Sunday, June 14, 2009

The KLF / JAMS - It's Grim up North

Bill Drummond and Jimmy Cauty have always been up to wierd stuff. Cauty is from Liverpool, and Drummond is from Scotland. For a few years in the 90s, they formed "The KLF" together, and launched in to a bizarre and temporary career as art-pop terrorists, foisting a unique, strange and fascinating series of pop/dance singles on the charts.

One of their later singles was "It's Grim up North", and although I didn't understand it at the time, it's come to seem more and more significant to me as I've grown up.

The "North" in the song refers to the North of England. A place of stunning scenery, post-industrial waste-towns and cities, riven with unemployment, it's generally experienced from one of the few major motorways that arc across this part of England. The main artery (the M6) runs from Birmingham directly North, passing between Liverpool and Manchester before trailing up all the way to the border with Scotland. On the other side of the country, the oscillating disaster that is the M1/A1 grinds slowly up the East Coast, passing Hull, and eventually reaching Newcastle, before snaking up and around in to Edinburgh.

Linking these two is the M62, which cuts directly East-West from Liverpool to Hull. Driving from, to or through "the North", you spend a lot of time on these motorways, gliding past parts of England forgotten or deliberately neglected for huge parts of the 80s by London and Thatcher, with the attendant social problems and unemployement that resulted.

In "It's Grim up North", the KLF somehow captured this atmosphere in one of the most surreal tunes ever to make the UK charts. Set entirely in front of a rain-drenched motorway underpass, a searing industrial kick drum thunders out underneath klaxons and horns, as a litany of distored Northern English placenames is intoned from a guy standing in the driving rain in front of the biggest pile of back-floodlit speakers. Political parties seeking to fight the BNP should at least have to watch this video and soak it up a little bit.

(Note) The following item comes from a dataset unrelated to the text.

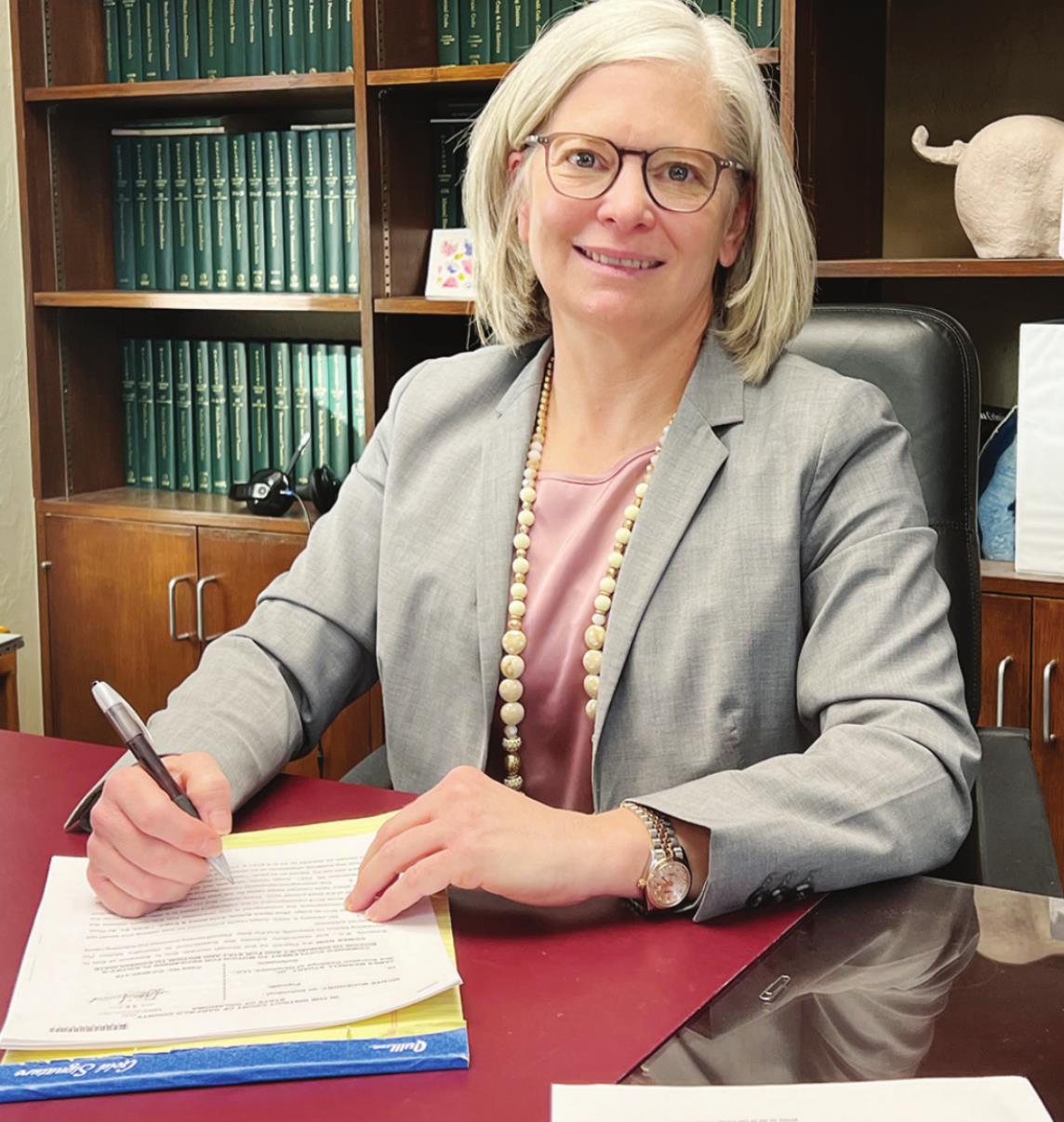 Custer County leaders in justice District Judge Jill Weedon Clinton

It somehow captures the bleak and resiliant spirit of the North, in the context of the never-sleeping dirty motorways that constantly stream through it. The most amazing moments of the tune are halfway through, as the grinding industrialism breaks and slowly melts into the plaintive and powerfully epic "Jerusalem". Tied up in "little England" psychology (check Jerusalem at the last night of the Proms from London for some idea), nothing is guaranteed to fill the hearts of middle class England with more pride.

Two completely disparate atmospheres, one track. As musical pivot it's incredibly skilfull - as a cultural counterpoint, it's jaw-dropping.